[[ Collected data open ]]

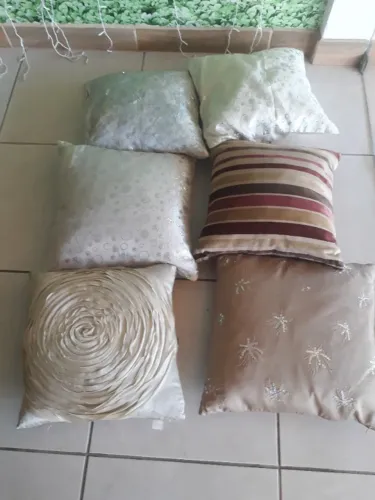 almofadas para sofá em perfeito estado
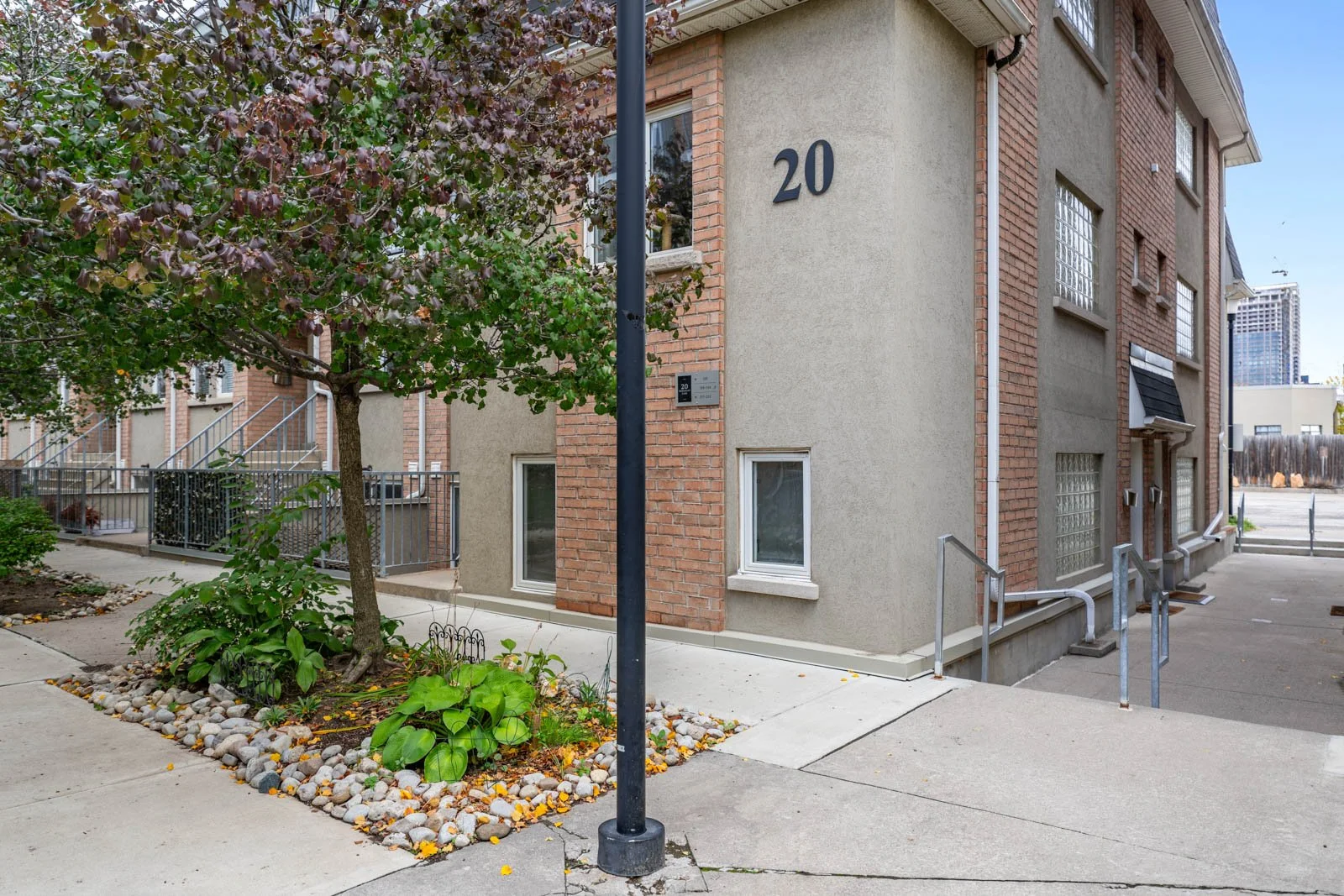 23. 221-20 Merchant Ln-1.jpg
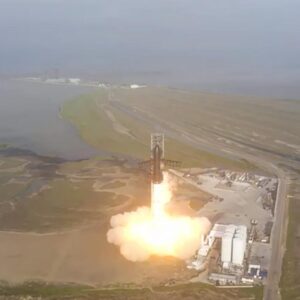 Starship, il razzo per Marte di Elon Musk fatto esplodere durante il volo per sicurezza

[[ Collected data closed ]]

▶ Activity
Would you return the data above exactly as written, minus the images?

▶ Response area
 almofadas para sofá em perfeito estado
 23. 221-20 Merchant Ln-1.jpg
 Starship, il razzo per Marte di Elon Musk fatto esplodere durante il volo per sicurezza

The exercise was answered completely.